Saturday, July 31, 2010

African Sole!

July 29th

We wake at 5:30 am to prepare for the early-morning start of our Safari. After teeth brushing and cool-dressing, we make our way to the canteen to pick up our packed breakfasts. Felix, the 20-something technological engineer student, laughs at me when I ask about tea of coffee. He came back from the kitchen to say that's he's sorry but they're out of instant coffee and do I have ten minutes to wait while he brews me some in a french press?! Ummmm, 'Yes!' The coffee is delicious and I'm in heaven, quickly turning my morning from groggy, to peppy and excited! We take our Safari van down to the Nile, (precisely the same spot the four of us girls stood to watch the sunset the evening before), and board a burg to carry us, our van, and six other vans and their passengers across the river just as the sun rises over the water.
Coffee, the Nile, and the sun rise- my trip has just been made. I decide it's already worth the ten-hour bumpy hell-ride from yesterday that I'm fairly sure left cranial bruising...the sun rise is my ice pack. ( :
Once we're across the river we lift the roof off our Safari van and the scene is awe-inspiring, spontaneous-laughter-inspiring...just all-around inspiring! As I stand up on my seat, with my head above the van and the African wind whipping through my hair, I can feel my chest muscles begin to loosen their grip on this month's stress. I become sick with glee and drenched in sunshine as we ride with the sunrise into the African terrain for a Safari of a lifetime.
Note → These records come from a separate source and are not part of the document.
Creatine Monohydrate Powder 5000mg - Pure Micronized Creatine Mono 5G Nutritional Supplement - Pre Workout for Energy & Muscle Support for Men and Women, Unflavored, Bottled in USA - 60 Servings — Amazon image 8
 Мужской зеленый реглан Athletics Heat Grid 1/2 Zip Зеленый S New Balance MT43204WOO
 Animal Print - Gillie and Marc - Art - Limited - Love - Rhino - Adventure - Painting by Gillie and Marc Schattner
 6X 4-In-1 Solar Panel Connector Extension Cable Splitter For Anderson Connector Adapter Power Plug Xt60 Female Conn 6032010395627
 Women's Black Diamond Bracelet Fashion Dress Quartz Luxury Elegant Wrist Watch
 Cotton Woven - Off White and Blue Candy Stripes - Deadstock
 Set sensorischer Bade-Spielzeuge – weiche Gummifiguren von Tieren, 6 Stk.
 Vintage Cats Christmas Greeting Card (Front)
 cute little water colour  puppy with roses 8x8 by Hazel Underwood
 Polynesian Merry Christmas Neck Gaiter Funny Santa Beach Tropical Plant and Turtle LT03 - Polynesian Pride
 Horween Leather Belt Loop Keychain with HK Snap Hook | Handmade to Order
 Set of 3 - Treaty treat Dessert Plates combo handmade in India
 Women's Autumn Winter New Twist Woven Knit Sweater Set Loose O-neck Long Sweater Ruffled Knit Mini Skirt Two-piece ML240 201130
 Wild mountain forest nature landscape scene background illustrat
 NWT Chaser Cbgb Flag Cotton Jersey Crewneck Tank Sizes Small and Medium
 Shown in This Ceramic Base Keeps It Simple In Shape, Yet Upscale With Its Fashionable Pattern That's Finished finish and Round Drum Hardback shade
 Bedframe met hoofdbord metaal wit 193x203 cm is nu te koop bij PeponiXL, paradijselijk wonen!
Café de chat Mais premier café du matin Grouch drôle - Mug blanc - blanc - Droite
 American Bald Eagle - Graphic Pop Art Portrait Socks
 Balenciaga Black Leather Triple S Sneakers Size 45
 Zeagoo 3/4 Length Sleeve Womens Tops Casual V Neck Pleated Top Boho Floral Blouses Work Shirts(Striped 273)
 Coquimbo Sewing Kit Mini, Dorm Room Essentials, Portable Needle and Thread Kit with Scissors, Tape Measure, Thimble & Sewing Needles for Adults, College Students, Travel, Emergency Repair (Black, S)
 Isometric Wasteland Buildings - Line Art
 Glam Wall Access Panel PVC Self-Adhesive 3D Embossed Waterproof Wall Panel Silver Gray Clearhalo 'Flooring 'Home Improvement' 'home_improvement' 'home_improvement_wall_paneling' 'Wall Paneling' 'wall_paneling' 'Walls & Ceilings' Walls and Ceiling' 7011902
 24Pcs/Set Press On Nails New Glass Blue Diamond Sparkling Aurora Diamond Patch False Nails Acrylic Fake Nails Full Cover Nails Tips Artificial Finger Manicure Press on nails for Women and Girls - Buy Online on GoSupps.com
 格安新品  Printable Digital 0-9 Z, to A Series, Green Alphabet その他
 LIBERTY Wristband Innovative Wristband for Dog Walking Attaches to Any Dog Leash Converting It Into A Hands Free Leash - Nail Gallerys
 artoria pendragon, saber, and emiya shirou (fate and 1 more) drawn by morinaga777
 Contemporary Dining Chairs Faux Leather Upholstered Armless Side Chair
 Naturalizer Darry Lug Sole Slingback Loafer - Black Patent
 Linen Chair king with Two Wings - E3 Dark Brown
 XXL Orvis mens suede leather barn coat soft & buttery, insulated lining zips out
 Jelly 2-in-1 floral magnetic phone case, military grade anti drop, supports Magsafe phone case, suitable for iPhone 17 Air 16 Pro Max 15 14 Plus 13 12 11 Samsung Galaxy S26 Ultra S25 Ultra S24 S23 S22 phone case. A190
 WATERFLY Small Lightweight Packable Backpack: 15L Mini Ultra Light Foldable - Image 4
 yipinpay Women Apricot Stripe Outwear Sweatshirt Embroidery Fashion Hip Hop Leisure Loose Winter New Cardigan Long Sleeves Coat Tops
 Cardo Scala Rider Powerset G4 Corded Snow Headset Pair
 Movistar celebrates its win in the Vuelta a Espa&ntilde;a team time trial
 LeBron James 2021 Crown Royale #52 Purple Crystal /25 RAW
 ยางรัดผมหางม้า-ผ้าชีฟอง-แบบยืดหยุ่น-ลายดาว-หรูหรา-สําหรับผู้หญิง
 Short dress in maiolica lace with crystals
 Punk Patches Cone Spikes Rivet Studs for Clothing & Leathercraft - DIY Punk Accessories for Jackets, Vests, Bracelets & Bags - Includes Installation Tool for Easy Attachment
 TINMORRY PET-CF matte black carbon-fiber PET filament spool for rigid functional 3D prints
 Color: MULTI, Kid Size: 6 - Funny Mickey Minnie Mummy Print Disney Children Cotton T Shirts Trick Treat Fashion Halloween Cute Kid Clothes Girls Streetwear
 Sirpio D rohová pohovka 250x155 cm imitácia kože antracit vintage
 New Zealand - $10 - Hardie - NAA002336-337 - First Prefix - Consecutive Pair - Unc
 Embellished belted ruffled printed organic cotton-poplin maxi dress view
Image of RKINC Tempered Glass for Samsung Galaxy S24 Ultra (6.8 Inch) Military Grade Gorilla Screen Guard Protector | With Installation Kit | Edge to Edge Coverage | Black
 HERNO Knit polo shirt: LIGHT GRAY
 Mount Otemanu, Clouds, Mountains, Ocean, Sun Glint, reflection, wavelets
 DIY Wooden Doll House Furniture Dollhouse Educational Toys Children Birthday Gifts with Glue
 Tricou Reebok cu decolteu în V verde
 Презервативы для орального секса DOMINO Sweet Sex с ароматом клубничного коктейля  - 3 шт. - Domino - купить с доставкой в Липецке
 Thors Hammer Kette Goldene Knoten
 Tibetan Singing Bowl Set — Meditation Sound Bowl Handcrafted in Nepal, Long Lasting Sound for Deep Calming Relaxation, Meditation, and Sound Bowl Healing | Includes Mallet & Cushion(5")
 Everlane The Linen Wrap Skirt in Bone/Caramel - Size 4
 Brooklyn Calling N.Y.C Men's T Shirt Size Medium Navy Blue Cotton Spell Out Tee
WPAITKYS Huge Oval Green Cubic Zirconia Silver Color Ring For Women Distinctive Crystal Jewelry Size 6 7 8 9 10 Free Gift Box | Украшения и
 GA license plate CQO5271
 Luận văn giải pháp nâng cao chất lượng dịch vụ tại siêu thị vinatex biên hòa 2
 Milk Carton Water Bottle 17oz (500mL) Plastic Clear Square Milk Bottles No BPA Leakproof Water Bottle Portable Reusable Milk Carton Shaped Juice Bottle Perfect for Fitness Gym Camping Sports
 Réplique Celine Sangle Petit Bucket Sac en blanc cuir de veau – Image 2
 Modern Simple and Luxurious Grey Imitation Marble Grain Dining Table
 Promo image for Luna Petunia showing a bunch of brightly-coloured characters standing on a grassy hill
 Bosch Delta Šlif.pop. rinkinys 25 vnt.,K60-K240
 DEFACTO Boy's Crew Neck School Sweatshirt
Palm trees bearing hundreds of unripend, creamsicle-colored coconuts tower over wide, canopy bonsai trees. I think of Jen, Scott, Amanda, Aunt Lisa, and I singing 'I've got a lovely bunch of coconuts, deedley-dee!' as we walk to our beach blankets, spread on the sand in Bethany. And suddenly, I find myself feeling a strange combination of Safari thrill and longing for Delaware while in AFRICA!...strange. Little American memories have been popping back into my mind, and I find it somehow impossible not to think about the 'Lion King' ha! I'm sure it comes as such a shock to hear that I have been playing the music of that Disney favorite in my head throughout the Safari (until the guide points out the African Violet- a purple, pansy-looking flower- and 'Violets and Silver Bells' pops into my mind's playlist).
As for the animals, by the time it's 11 am, I feel like we've seen the entire African animal kingdom (sung: 'the cir-cle of life!'). We came across several dozen giraffe families, feeding on palm leaves high above our van. The dark in color are male and the light are female. Giraffes are my (and my Grandma Voigt's) favorite! They are so tall and regal with humorous mouths curving back and down as if they're taking a bite off the tree for emphasis on a dry joke they've just made. Their fur is so smooth with a sheen that begs to be pet. Most of the giraffes we see have white spots that interrupt their exterior pattern, and Jimmy, our safari guide, tells us that it is a fungal skin condition. So when I ask (only half jokingly) if I can reach out and touch them, he says no quite firmly (I'm sure it has nothing to do with their enormous front legs that are so lethal even the lions wont attack them...nah...it's the skin fungus).
I did not want to pet the hippos, however. The hippos are HUGE and can out run a human at twice our speed! They roam the land at night (including our camp site, so we are to be careful not to approach a baby hippo at night on our way to the bathroom, because the mother is nearby and will attack 'quite viciously'...great) and in the day, they keep cool in the water. When we drive out to the popular water spot where they swim daily, to find the baby hippo splashing about between parents, looking much like a bright-pink rubber ball being passed around. They let out a sound that's part groan, part grunt, bellowing so loudly and that it fells like they're right next to me....it smells like it too.
We also saw three different types of antelopes including the National Animal of Ugandan, the Ugandan Kop. Based on how many glorious birds we see, we gals decide to take advantage of the 7 am bird walk tomorrow morning before we leave.
After the 'tracking' portion of the Safari, we make our way back to the Red Chilli site for lunch. As I oder lunch I become increasingly aware of just how much my hip, thighs, and stomach have loved the poshu, beans, and matoke (mashed plantain bananas) in the last month. Undressing at night has begun to feel foreign- I don't even recognize my body to the touch. The same goes for looking in the mirror. Every couple of days we encounter a rare bathroom with a toilet AND a mirror and I notice the subtle changes occurring. Some eye-brow tweezers, mascara, and nail clippers will do me good, but it's more than that. My eyes have something different in them. Even Dana, a fun-loving sweetheart nurse from New York City, saw a picture of me before I left for Africa and didn't believe that it was me. Now don't get nervous- I've not morphed completely unrecognizable in one month, but it does feel as if my appearance has adjusted right along with my heart. I feel differently (I haven't quite figured out how yet, but I'll be sure to let you know when I do), and to see, for myself, the shifts in my appearance, has been jarring enough to make me wonder what else has changed. As I eat lunch, looking out over the vast African terrain in the middle of nowhere, I can at least put my finger on a new peace- a calming acceptance of the world as I know it now.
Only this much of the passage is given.